Come potrebbe descrivere il suo stato di allora?
"Mi sentivo gravata da una responsabilità insostenibile, per la quale non mi sentivo preparata. E seppure amavamo molto il piccolo e mi inteneriva averlo accanto, ne sentivo tuttavia il peso. Era un conflitto che mi divorava. Il pensiero di dover trascorrere la giornata accudendo mio figlio, mi provocava un senso di profonda angoscia, insoddisfazione e senso di inadeguatezza. Ero infelice, e confesso di aver pensato “Ma chi me l’ha fatto fare, stavo meglio prima".
Non aveva, da parte della sua famiglia, un sostegno durante la giornata?
"Purtroppo no. All’epoca avevo già perso mia madre, e mio marito aveva preso tutti i permessi possibili per starmi accanto e darmi una mano. Ero sola, e questo mi atterriva. Avrei voluto staccare ogni tanto, avere piccoli ritagli di tempo per me. Mi sentivo un leone in gabbia. Se solo avessi chiesto una mano a mia suocera, forse le cose si sarebbero risolte più velocemente…ma non lo feci".
Questa condizione psicologica, le ha mai trasmesso il timore di poter far del male a suo figlio?
"No, mai. Malgrado tutto non ho mai avuto la sensazione che avrei potuto perdere la testa e fare del male al piccolo. Il mio senso di responsabilità me lo impediva.

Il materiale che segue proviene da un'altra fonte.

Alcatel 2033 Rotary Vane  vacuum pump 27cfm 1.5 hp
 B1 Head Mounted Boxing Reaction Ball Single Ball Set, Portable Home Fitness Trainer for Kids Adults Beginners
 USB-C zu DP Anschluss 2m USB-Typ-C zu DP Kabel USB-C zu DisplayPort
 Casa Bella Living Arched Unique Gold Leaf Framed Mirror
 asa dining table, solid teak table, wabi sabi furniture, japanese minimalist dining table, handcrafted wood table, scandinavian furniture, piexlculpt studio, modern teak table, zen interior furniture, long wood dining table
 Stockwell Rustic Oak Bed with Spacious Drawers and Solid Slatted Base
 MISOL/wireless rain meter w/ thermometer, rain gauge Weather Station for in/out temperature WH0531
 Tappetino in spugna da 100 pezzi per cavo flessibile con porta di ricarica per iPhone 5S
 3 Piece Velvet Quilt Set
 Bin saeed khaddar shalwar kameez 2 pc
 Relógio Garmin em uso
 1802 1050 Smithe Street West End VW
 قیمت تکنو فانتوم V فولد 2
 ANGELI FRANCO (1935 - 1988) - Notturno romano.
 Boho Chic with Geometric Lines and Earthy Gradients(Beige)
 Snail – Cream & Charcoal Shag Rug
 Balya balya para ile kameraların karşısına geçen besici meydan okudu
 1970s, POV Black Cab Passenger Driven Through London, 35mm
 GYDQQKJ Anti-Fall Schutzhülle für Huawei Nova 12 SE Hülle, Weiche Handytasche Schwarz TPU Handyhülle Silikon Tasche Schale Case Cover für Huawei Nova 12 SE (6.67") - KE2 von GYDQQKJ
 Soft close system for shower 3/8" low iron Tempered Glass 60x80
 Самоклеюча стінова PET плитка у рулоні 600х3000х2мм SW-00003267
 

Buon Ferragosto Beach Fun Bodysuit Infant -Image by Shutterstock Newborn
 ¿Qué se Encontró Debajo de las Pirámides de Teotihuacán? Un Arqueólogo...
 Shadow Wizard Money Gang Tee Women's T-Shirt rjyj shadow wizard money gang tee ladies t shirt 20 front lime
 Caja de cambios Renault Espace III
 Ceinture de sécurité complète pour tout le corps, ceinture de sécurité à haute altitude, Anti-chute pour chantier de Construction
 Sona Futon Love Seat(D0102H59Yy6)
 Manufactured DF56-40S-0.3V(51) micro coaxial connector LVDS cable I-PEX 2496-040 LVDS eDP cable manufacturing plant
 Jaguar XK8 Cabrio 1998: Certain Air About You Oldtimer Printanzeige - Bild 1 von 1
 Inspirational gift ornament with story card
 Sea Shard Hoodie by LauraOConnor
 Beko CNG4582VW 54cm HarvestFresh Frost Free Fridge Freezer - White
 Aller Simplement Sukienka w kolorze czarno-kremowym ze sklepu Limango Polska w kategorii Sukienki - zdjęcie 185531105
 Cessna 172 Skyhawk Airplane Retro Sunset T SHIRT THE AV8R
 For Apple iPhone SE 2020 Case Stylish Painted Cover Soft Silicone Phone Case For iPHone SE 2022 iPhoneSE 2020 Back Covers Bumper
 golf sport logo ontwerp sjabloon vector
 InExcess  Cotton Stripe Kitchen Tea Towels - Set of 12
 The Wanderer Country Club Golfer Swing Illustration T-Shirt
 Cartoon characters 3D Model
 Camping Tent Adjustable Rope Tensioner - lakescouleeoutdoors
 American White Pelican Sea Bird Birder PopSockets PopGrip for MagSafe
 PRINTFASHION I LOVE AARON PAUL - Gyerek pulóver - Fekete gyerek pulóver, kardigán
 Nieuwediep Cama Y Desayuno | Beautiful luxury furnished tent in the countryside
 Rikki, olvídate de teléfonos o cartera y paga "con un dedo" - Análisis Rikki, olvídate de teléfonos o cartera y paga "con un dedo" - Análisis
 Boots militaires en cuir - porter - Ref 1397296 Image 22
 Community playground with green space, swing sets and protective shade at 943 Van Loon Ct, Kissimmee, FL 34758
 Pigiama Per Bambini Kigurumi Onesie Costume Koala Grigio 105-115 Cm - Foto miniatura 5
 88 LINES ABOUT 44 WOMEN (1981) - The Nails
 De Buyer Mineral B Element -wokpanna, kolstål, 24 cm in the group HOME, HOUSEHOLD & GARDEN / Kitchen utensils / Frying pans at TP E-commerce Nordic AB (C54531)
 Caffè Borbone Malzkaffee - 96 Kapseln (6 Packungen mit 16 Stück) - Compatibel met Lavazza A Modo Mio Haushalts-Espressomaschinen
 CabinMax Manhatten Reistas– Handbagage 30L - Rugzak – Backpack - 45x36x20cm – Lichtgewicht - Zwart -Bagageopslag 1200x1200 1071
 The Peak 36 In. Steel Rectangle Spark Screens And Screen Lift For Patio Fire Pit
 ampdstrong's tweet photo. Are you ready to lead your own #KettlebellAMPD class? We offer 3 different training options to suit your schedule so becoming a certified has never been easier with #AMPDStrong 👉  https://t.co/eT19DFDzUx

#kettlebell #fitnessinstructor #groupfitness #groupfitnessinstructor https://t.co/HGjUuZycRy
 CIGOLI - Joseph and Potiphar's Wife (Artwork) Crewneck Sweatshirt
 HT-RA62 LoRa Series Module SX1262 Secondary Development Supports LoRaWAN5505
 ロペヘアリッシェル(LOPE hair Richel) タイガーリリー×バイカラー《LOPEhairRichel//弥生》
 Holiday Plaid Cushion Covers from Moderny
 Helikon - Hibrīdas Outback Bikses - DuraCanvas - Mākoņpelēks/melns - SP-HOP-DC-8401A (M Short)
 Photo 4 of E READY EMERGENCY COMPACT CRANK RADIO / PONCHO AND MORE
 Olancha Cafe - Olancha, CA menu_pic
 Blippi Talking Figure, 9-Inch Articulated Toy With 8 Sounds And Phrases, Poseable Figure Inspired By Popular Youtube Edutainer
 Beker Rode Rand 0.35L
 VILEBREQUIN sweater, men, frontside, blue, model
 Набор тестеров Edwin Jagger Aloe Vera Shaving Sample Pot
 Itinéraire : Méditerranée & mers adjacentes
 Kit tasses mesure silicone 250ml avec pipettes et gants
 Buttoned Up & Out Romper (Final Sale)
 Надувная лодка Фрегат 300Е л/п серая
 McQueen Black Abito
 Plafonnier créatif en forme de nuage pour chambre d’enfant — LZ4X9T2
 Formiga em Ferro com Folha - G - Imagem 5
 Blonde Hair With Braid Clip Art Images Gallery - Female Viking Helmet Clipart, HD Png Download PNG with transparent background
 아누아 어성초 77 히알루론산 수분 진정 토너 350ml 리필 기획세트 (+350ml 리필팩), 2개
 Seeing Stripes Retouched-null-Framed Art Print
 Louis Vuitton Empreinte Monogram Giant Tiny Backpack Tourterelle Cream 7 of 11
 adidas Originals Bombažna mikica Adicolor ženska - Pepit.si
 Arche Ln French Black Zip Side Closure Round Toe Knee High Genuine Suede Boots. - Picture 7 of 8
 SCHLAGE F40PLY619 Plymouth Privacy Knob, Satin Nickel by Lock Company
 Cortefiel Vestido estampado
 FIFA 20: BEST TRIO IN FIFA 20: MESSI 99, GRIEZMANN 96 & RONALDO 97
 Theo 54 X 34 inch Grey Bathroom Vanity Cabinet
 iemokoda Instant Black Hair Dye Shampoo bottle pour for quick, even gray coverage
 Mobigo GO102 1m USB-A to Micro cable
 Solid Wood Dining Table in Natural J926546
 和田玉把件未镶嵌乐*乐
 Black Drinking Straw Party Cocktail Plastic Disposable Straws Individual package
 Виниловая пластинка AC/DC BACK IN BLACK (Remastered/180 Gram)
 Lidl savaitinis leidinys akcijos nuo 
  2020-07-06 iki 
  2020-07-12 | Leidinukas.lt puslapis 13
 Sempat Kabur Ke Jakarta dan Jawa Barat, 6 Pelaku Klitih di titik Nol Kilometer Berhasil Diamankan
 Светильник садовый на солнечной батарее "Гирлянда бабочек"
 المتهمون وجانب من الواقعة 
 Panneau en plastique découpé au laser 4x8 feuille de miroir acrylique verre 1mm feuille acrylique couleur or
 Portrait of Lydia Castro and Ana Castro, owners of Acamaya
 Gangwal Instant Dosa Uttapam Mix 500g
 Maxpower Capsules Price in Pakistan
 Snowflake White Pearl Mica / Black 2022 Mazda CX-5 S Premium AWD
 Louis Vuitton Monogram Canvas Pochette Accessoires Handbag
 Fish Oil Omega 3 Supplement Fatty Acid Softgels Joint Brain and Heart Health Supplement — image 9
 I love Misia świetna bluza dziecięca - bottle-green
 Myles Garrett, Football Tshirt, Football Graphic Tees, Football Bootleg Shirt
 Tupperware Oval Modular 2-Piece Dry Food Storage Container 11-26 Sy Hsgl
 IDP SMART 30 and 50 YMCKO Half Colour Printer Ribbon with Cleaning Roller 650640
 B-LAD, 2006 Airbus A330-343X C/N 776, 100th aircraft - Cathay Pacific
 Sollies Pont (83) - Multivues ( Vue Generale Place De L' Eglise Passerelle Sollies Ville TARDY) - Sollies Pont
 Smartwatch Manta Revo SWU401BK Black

Per questo, ora posso dire che la mia è stata forse una depressione leggera. Certamente mi sentivo in colpa di non poter godere, come avevo immaginato e sperato prima di rimanere incinta, di quei momenti speciali che sono unici nella vita di una donna. Ero consapevole di perdere qualcosa che non avrei mai potuto più recuperare. Ma ero incapace di impedirlo…"
Parlò del suo stato a suo marito?
"No, gli nascosi la vera natura di quella che lui interpretava come grande stanchezza fisica, nonostante la sua comprensione e attenzione..."
Perché non gli disse nulla?
"Allora non me ne rendevo conto, ma oggi posso dire che con ogni probabilità avevo timore che potesse male interpretare, che mi giudicasse una madre snaturata. Mi addolorava il pensiero che potesse accorgersi che non ero una neomamma radiosa e soddisfatta".
Ma con qualcuno ebbe il coraggio di confidarsi?
"Solo in parte. Parlai con un’amica, ma non sbandierai che mi sentivo depressa. Le persone che con le quali avevo contatti, scambiavano il mio stato per normale stanchezza e disorientamento, dovuto alla rivoluzione che provoca l’arrivo di un bambino".
Per quanto tempo perdurò la sua depressione?
"Per circa un anno. Quando potei ritornare al mio lavoro, alla mia vita, tutto riprese il suo corso normale. E ne uscii".
Come mai, non ebbe l’istinto di chiedere aiuto ad un medico?
"Per lo stesso motivo che mi impediva di confessarlo a mio marito. Pudore, vergogna, e la sensazione che tutto sommato ce l’avrei fatta da sola. A posteriori, però, posso dire che fu un grave errore. Parlarne è di fondamentale importanza per avere l’esatta dimensione che non si è sole, che è una patologia diffusa e che esistono metodi efficaci per curarsi. Dell'incidenza della malattia, mi sono accorta da quando frequento il forum NoiMamme, uno spazio virtuale dove tante donne e madri si incontrano e si confrontano: sono tantissime quelle che ne parlano solo in questo spazio visrtuale, perchè mascherate dall'anonimato".
Che cosa è accaduto in seguito?
"Dopo circa tre anni ho deciso di avere un altro figlio. Non lo feci a cuor leggero, lo ammetto, ma volevo ritentare per cercare di recuperare le emozioni e le gioie che avevo perduto con il mio figlio. Per fortuna, tutto è andato bene e oggi posso dire di essere serena. Ma a tutte le neo mamme dico, non aspettate a chiedere aiuto se qualcosa in voi si oscura. Farete il vostro bene e quello del vostro piccolo".